Tomahawk missiles, for example, are about the most ubiquitous and most used weapon in the U.S. arsenal, but they can’t read terrain and find their targets without the critical materials now controlled by China.
Next-generation weapons will likely be even more reliant on highly processed rare-earth materials, Kennedy said, including hypersonic missiles, directed-energy weapons, and even quantum computing.
The Pentagon does maintain a stockpile of lots of different critical materials and rare earths—but mostly in raw or intermediate form, not in the highly processed finished form that defense platforms actually require. 
Rare-earth oxides, for example, still must be further processed or refined into metals, alloys, and eventually the permanent magnets that run guidance systems for missiles or navigation systems for American Abrams battle tanks. 
The United States has very little rare-earth processing ability, and it would take years to rebuild it.
“The critical materials stockpile is a joke,” Kennedy said.
The Trump administration and many lawmakers are redoubling efforts to restart domestic rare-earth mining, and the Department of Commerce this month released a report calling for the United States to address its reliance on imported critical minerals.
The Defense Department recently asked Congress for federal funds to bolster domestic production of these minerals. 
The Mountain Pass mine in California is currently the only operating U.S. rare-earths facility. Notably, China’s Shenghe Resources Holding Co. is a minority investor, and MP Materials, the owner of Mountain Pass, ships the roughly 50,000 tons of concentrate it extracts from California each year to China to be processed, according to Reuters.
At least three U.S.-based companies are planning to open rare-earth processing plants, including one at Mountain Pass mine set to open next year that will reportedly produce about 5,000 tons of rare earths a year, Reuters reported.
But more mines and intermediate processing facilities likely won’t blunt China’s control of the whole production chain—from mine to magnet. 
Even highly touted announcements, such as Lynas Corp.’s decision to build a rare-earth separation plant in Texas, don’t solve the Pentagon’s problem, because the oxides must still be shipped overseas to be turned into alloys or permanent magnets.

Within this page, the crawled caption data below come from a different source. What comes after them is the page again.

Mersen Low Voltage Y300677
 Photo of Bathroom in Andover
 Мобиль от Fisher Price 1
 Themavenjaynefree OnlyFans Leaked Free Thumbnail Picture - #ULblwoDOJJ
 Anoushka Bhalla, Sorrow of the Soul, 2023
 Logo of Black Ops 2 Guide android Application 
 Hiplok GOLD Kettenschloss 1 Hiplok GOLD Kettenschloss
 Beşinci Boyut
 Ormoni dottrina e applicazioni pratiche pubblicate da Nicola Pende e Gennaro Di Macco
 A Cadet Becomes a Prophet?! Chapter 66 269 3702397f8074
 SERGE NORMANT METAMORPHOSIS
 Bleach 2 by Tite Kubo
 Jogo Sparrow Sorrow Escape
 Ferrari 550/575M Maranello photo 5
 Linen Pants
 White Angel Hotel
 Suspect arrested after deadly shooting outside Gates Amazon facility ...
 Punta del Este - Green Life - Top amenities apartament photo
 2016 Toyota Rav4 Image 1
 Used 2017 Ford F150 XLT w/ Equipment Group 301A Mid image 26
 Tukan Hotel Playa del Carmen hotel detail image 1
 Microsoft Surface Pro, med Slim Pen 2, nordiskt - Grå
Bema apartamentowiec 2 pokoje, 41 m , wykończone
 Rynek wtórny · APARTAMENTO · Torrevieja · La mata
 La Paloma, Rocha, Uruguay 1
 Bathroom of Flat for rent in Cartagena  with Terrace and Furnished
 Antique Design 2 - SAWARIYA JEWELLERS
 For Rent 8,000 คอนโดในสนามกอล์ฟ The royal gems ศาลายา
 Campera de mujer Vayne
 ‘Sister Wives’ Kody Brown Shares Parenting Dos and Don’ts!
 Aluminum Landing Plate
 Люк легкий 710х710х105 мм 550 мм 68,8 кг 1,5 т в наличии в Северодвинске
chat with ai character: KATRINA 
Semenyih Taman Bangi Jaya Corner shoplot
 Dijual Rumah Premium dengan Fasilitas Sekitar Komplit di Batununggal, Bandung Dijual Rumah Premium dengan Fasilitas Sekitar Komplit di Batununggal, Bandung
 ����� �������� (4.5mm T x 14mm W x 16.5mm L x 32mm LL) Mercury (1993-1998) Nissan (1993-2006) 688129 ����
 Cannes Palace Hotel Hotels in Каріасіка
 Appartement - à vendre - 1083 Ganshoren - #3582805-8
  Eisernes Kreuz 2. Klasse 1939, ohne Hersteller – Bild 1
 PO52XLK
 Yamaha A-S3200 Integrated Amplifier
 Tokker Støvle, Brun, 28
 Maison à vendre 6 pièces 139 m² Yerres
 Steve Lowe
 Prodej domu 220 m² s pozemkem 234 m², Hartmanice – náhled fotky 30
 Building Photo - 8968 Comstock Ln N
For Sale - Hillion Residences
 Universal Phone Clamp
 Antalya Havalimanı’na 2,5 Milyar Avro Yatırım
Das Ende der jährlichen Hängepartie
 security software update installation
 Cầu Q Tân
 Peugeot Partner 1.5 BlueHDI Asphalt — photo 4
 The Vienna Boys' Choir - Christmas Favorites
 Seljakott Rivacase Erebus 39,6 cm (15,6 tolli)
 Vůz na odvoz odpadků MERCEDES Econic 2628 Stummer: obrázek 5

One possible solution that has been rattling around Washington for years, which Kennedy advocates, is to allow technology firms to create a cooperative. 
That would be a way to provide soup-to-nuts rare-earth services: mining the stuff, separating it, processing it, and finally turning it into advanced metals, magnets, and more, without risking the serial bankruptcies that have plagued the sector for decades.
Some House Republicans have been urging the administration to take such a step, and the White House could issue an executive order essentially dictating the same measures.
But for now, the United States is still left without an answer to its rare-earth dilemma.